[Source records]
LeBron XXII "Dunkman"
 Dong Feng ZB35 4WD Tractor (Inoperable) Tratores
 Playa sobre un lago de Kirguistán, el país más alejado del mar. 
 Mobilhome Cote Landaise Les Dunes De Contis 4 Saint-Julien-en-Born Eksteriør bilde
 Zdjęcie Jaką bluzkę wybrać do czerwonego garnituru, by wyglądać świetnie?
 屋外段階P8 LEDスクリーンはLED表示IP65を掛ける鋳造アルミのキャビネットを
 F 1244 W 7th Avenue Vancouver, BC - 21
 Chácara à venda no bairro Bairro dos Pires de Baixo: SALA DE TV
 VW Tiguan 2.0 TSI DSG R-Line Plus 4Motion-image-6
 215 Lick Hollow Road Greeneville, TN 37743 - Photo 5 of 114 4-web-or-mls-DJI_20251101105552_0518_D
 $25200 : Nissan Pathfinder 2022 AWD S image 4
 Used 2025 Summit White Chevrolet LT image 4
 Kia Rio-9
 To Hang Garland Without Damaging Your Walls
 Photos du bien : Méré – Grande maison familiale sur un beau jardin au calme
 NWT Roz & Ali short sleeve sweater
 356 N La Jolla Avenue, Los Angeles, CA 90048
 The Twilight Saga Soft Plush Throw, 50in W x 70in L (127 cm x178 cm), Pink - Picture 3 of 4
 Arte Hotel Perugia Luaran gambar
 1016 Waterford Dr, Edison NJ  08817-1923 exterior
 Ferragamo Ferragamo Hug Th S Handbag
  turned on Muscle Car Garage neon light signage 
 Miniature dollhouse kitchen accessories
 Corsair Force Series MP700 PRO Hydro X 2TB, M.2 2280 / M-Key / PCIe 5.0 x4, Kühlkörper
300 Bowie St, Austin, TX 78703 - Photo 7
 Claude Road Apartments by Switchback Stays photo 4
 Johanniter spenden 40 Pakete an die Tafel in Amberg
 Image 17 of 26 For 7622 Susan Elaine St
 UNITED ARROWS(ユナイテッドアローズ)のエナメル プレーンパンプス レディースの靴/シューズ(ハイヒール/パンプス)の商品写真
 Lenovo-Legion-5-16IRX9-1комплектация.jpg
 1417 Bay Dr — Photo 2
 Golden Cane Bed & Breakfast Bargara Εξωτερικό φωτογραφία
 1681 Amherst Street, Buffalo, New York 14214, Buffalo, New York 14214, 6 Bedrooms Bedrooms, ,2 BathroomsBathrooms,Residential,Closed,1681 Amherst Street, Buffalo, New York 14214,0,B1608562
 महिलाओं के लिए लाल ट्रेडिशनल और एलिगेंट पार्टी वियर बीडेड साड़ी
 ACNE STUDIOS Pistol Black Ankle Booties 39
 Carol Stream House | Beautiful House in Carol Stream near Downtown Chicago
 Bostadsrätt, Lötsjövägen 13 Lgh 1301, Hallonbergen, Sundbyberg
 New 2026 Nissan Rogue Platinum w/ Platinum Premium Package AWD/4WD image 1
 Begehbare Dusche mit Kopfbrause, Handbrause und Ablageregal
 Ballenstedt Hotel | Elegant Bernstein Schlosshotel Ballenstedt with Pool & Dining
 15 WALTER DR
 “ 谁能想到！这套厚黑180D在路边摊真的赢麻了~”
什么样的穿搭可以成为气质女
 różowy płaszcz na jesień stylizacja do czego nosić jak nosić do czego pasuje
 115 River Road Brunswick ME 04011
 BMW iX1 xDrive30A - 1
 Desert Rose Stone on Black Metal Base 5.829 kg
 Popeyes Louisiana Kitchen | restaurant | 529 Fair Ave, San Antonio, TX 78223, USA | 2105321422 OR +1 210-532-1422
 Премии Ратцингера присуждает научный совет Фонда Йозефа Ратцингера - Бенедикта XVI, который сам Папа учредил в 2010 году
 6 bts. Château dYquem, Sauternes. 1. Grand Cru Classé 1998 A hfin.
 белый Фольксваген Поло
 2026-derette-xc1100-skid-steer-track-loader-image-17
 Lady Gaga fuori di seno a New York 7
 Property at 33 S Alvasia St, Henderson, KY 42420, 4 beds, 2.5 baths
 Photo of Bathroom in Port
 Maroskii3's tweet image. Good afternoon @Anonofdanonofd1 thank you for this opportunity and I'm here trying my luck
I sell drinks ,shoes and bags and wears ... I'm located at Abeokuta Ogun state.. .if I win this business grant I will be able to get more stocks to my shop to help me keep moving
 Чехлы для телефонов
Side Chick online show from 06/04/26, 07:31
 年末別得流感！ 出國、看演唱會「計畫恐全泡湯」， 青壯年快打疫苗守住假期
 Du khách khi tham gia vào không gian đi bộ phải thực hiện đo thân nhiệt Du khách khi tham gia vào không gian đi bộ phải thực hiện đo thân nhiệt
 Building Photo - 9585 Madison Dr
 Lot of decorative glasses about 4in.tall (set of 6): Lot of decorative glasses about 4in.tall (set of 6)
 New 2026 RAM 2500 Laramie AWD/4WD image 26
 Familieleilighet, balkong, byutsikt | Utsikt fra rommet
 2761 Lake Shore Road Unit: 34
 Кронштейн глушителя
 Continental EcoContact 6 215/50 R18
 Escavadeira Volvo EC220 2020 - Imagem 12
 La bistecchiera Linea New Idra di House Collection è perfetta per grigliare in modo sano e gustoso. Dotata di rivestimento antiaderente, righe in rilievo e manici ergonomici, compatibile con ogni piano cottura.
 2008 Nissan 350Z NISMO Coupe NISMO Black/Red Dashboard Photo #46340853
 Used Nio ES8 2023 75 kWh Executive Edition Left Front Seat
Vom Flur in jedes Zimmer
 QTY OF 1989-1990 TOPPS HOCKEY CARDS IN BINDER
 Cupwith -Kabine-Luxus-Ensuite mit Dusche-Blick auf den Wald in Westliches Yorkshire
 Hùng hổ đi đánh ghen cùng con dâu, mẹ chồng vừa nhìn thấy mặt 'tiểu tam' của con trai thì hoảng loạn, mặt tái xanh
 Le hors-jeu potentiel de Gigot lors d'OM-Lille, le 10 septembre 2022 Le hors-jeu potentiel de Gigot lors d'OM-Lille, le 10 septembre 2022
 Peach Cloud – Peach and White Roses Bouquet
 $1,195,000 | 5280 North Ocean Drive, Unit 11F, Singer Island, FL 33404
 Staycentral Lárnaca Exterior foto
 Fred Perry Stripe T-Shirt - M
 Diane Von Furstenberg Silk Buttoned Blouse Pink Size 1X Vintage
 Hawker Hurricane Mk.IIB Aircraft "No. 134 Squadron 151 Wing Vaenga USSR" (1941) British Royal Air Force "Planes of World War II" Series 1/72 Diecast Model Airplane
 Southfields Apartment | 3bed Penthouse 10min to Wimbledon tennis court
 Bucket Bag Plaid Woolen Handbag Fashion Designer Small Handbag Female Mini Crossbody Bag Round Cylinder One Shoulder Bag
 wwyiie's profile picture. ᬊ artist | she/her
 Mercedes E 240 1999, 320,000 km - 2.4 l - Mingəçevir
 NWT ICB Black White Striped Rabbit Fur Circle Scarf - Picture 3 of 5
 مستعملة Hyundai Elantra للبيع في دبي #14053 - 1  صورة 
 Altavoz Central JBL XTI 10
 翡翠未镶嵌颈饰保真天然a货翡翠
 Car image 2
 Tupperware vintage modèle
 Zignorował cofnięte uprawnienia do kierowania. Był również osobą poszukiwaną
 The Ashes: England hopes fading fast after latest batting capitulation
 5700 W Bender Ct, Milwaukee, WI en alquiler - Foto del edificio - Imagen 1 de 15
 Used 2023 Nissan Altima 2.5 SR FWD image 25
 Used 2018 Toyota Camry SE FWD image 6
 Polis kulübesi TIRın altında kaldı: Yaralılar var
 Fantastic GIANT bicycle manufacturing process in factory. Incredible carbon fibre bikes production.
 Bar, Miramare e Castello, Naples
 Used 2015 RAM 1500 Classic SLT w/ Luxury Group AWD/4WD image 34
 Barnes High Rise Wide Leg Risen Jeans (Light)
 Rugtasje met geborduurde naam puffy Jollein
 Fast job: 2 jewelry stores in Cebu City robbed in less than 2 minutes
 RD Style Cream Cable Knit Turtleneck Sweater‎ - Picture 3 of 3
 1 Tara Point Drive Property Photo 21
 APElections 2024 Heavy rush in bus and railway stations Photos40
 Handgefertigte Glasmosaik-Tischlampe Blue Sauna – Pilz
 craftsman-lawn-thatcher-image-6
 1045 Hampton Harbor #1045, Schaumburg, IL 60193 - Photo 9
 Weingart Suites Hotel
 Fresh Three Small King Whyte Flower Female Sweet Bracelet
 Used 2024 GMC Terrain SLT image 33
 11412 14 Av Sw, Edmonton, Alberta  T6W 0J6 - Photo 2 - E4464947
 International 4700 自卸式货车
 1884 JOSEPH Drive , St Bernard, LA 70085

## Problem
Only the lines above from the line containing "2026-derette-xc1100-skid-steer-track-loader-image-17" through the line containing "年末別得流感！ 出國、看演唱會「計畫恐全泡湯」， 青壯年快打疫苗守住假期" should be retyped, exactly and with both ends included.

## Solution to this problem
 2026-derette-xc1100-skid-steer-track-loader-image-17
 Lady Gaga fuori di seno a New York 7
 Property at 33 S Alvasia St, Henderson, KY 42420, 4 beds, 2.5 baths
 Photo of Bathroom in Port
 Maroskii3's tweet image. Good afternoon @Anonofdanonofd1 thank you for this opportunity and I'm here trying my luck
I sell drinks ,shoes and bags and wears ... I'm located at Abeokuta Ogun state.. .if I win this business grant I will be able to get more stocks to my shop to help me keep moving
 Чехлы для телефонов
Side Chick online show from 06/04/26, 07:31
 年末別得流感！ 出國、看演唱會「計畫恐全泡湯」， 青壯年快打疫苗守住假期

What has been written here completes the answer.